Les parents, soutenus notamment par des associations culturelles bretonnes, avaient alors fait appel de cette décision devant la cour d’appel de Rennes. Cette dernière a refusé le 19 novembre 2018 la rectification de l’acte de naissance et donc la suppression du tilde dans le prénom Fañch.
Elle considère tout d’abord que le tilde n’est pas inconnu en langue française puisqu’il figure dans plusieurs dictionnaires français dont le Petit Robert ou le Larousse (effectivement, nous y pouvons trouver les mots “Doña” ou “cañon”).
De plus, l'État, dans des décrets de nomination, transcrit le tilde dans les patronymes de personnes nommées par le président de la République. La cour justifie qu’ « il s'agit certes pour ces dernières décisions de l'emploi du tilde sur le "n" du patronyme de la personne nommée, toutefois l'emploi du tilde sur un prénom, qui désigne le nom particulier donné à la naissance, qui s'associe au patronyme pour distinguer chaque individu, ne peut être traité différemment sous peine de générer une situation discriminatoire ». Ainsi, si l’État autorise et utilise le tilde dans un nom mais pas dans un prénom cela serait alors discriminatoire.
Enfin, le prénom Fañch lui-même a été accepté par le procureur de la République de Rennes le 27 mai 2002 et l’officier d’état civil de Paris le 19 janvier 2009.
Par conséquent, la cour d’appel de Rennes estime que l'orthographe Fañch ne porte pas atteinte au principe de rédaction des actes publics en langue française ni à l’article 2 de la Constitution selon lequel « la langue de la République est le français » et autorise son orthographe avec le tilde.
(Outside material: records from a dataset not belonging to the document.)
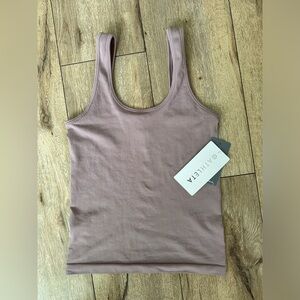 Athleta Renew Seamless Scoop Tank. NWT.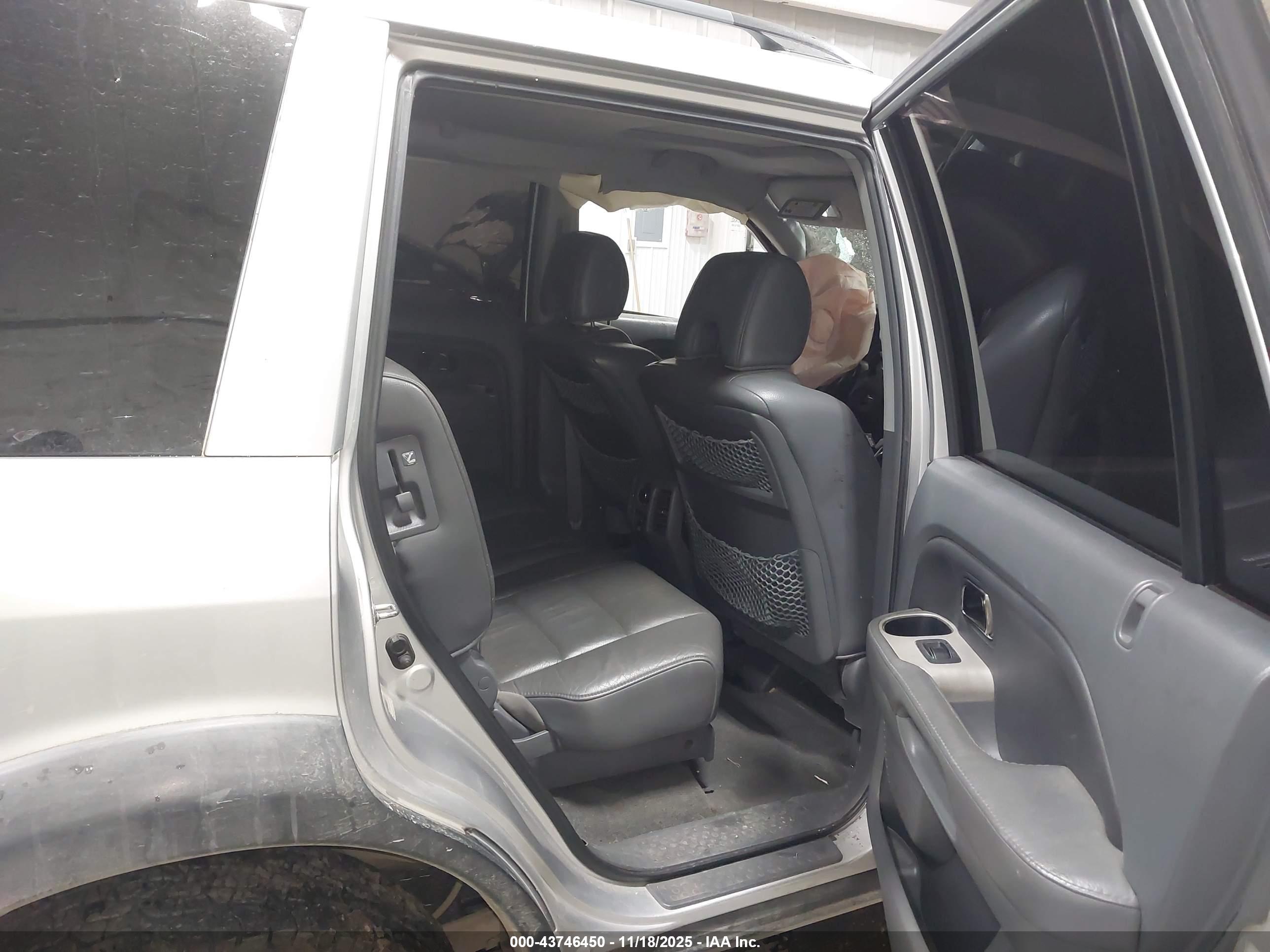 HONDA PILOT image 8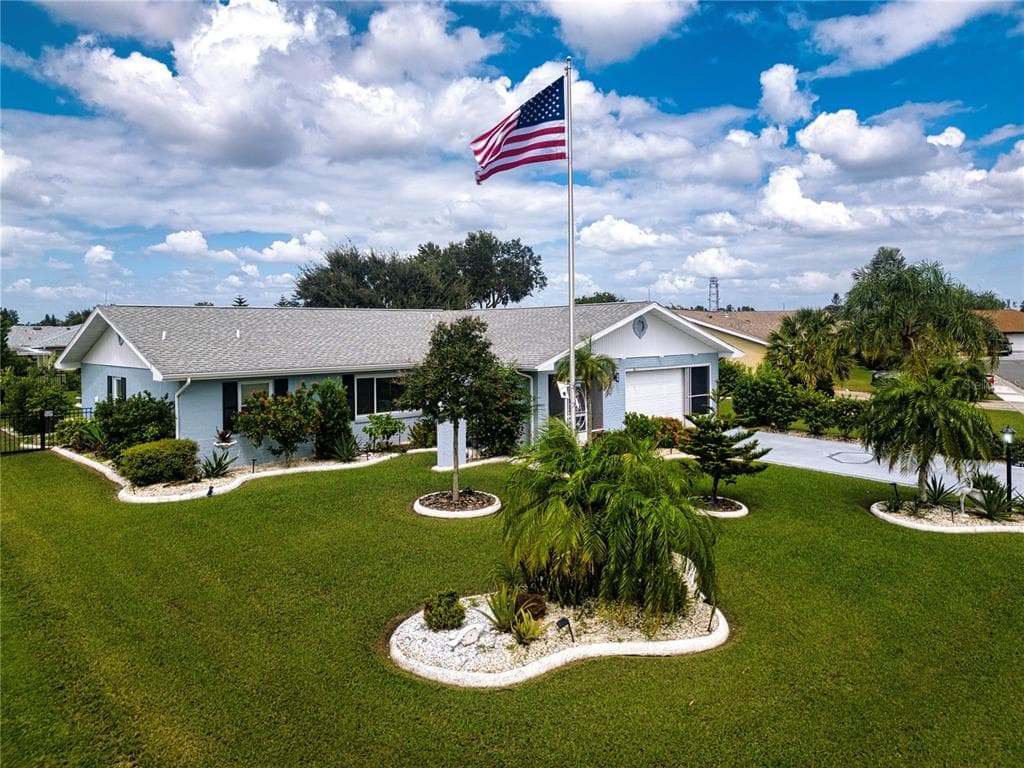 309 THORN HILL PLACE SUN CITY CENTER, FL 33573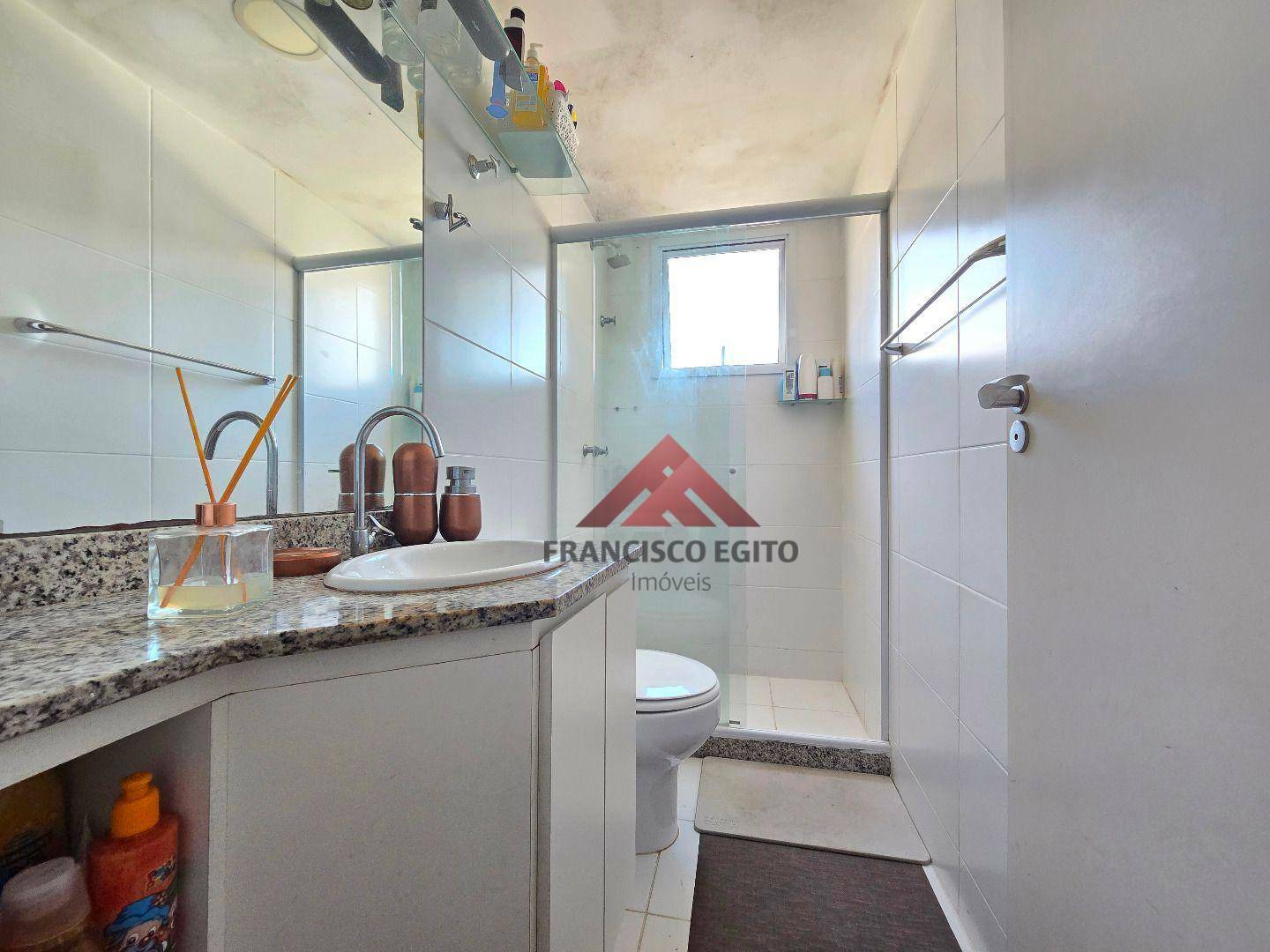 Apartamento à venda com 2 quartos, 62m² - Foto 17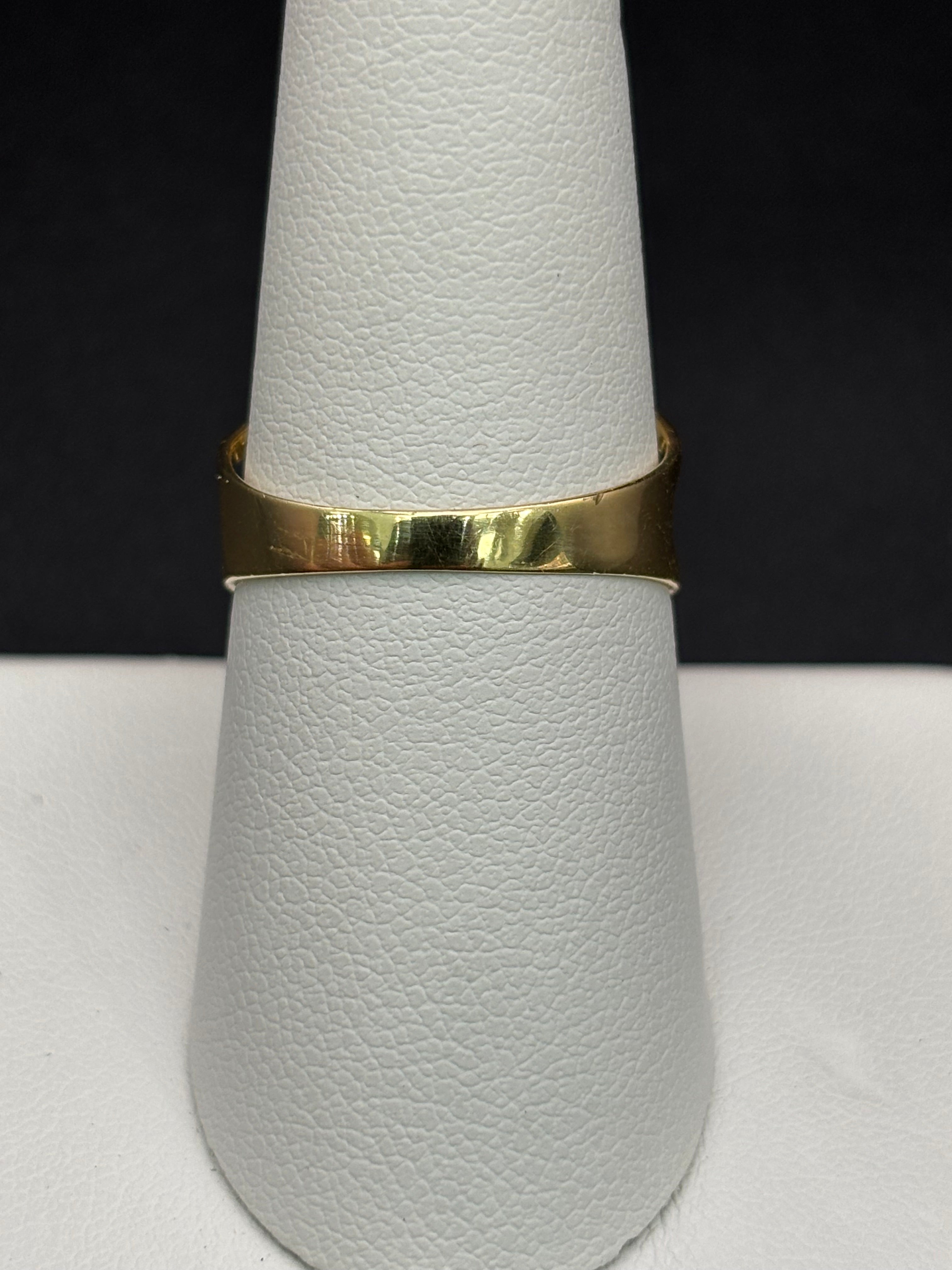 14k Solid Gold Ring Virgin Mary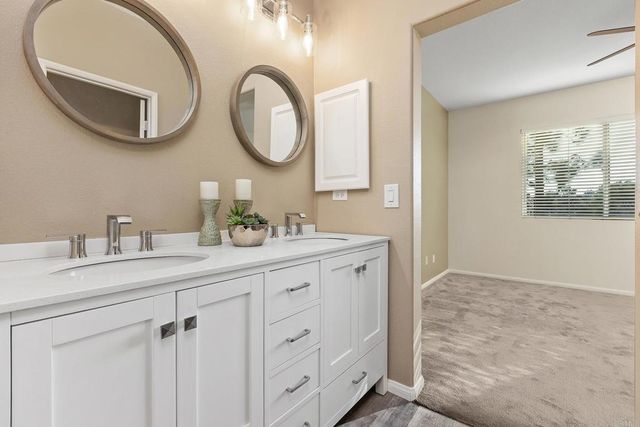 4121 Via Candidiz 42, San Diego, CA 92130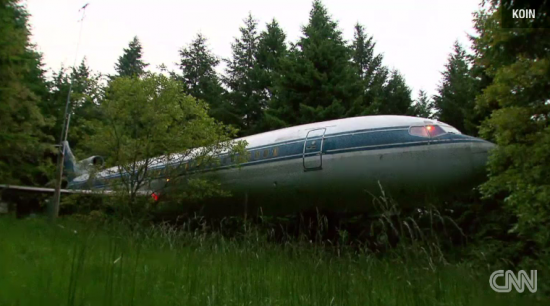 Oregon man turns 727 airplane into his dream home (Video)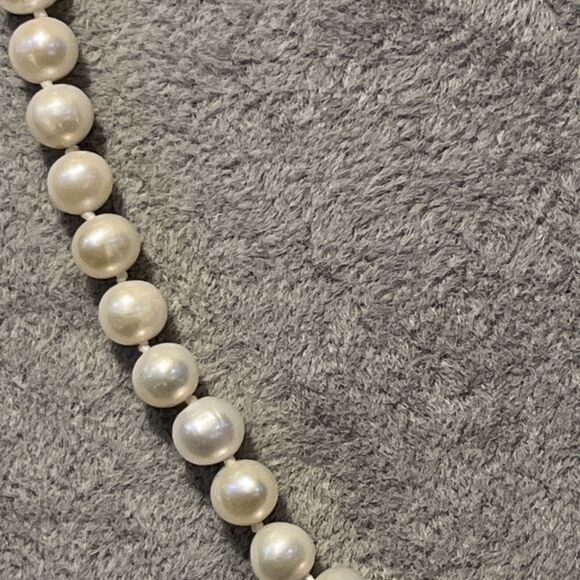 Vintage IWI White Freshwater Pearl Hand Knotted 14K Gold Clasp Necklace 17” - Picture 4 of 10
Dans leur arrêt, les magistrats rappellent aussi qu’une circulaire n’a pas de valeur normative, puisqu’elle a vocation à expliquer et interpréter une loi ou un décret. Alors que le gouvernement n’avait pas prévu de modifier la circulaire du 23 juillet 2014 listant les signes diacritiques autorisés en langue française (Légibase no 92) et sur laquelle se fondait la décision du tribunal de Quimper, la décision de la cour d’appel de Rennes pourrait faire pencher la balance en faveur d’une plus large acceptation de ces signes.
Mais le feuilleton judiciaire autour du petit Fañch n’est pas terminé puisque le ministère public a décidé de se pourvoir en cassation.